**WHAT YOU ARE ASKED TO DO:** The result should be the listing below restated word for word, with images left out.

**SOURCE MATERIAL:**
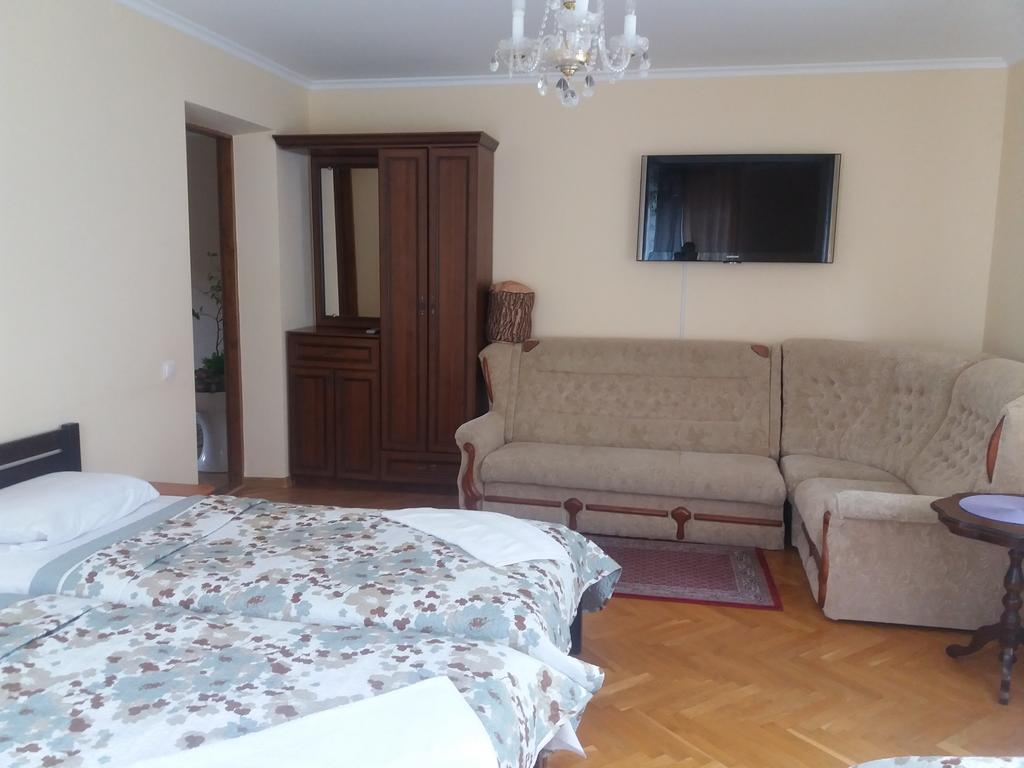 Celebrity Vila Kamianets-Podilskyi Exterior foto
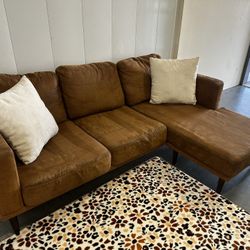 BROWN SECTIONAL COUCH W/ FREE DELIVERY 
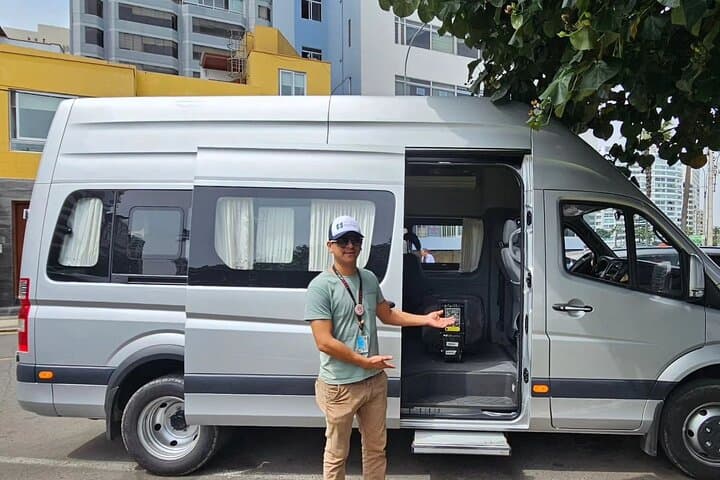 Lima Birdwatching & Landscaping Tour: El Olivar to Miraflores Cliffs photo 6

**EXERCISE RESULT:**
 Celebrity Vila Kamianets-Podilskyi Exterior foto
 BROWN SECTIONAL COUCH W/ FREE DELIVERY 
 Lima Birdwatching & Landscaping Tour: El Olivar to Miraflores Cliffs photo 6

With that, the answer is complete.